## DATA BELOW
============================================================

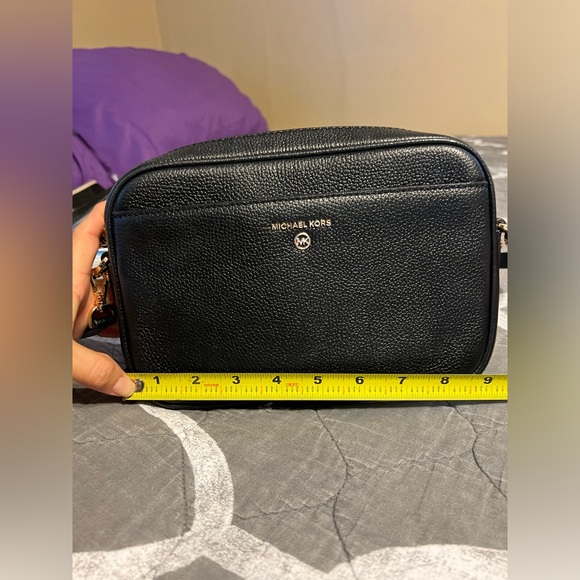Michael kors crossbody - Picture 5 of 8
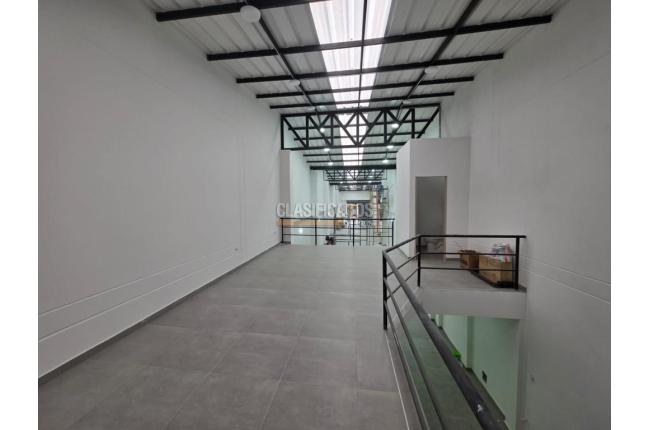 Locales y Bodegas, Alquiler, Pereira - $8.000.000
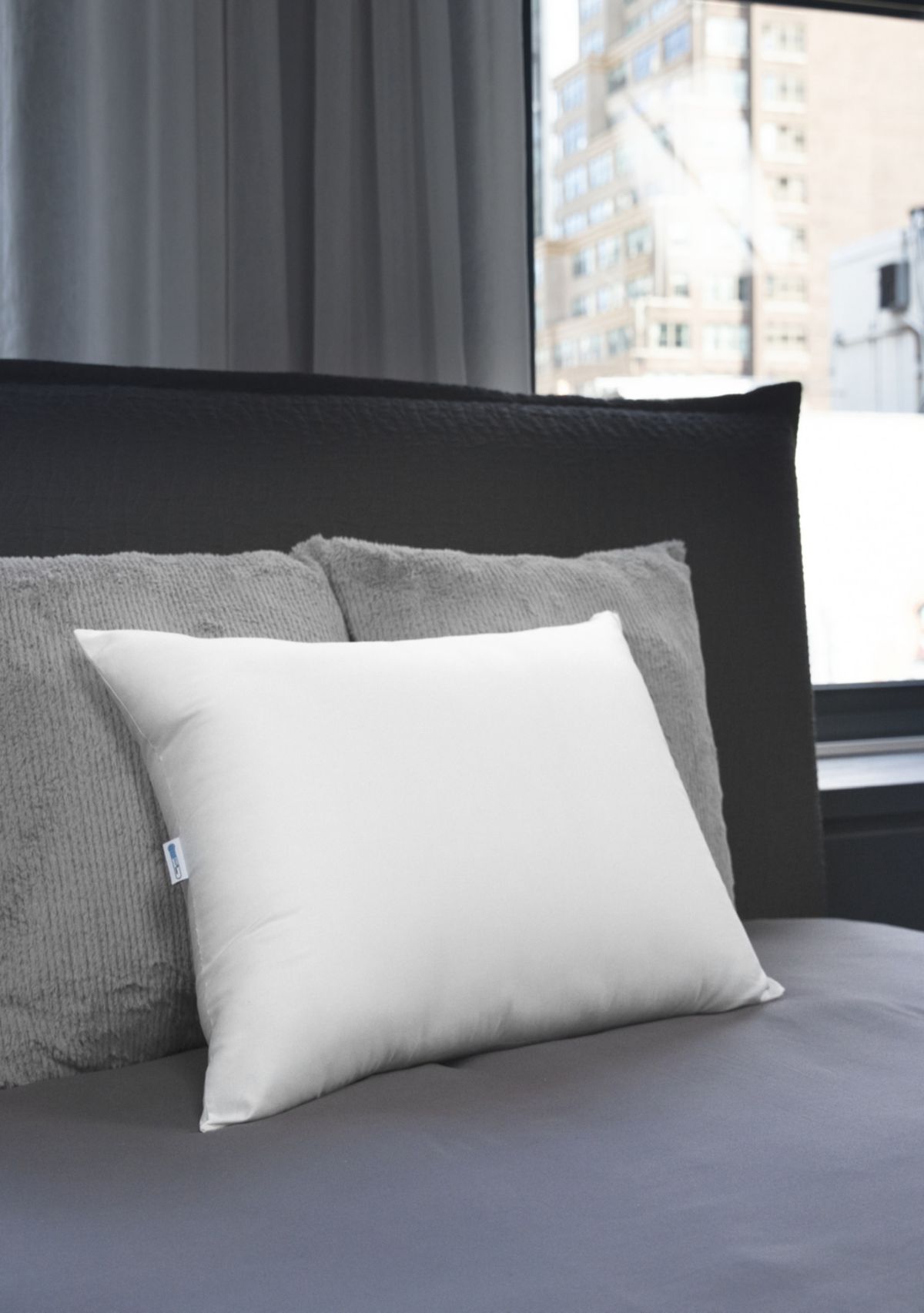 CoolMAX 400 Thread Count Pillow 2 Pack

============================================================

## YOUR TASK
Could you reproduce all of the data above exactly and skip any image?

## ANSWER TO THE PROBLEM
Michael kors crossbody - Picture 5 of 8
 Locales y Bodegas, Alquiler, Pereira - $8.000.000
 CoolMAX 400 Thread Count Pillow 2 Pack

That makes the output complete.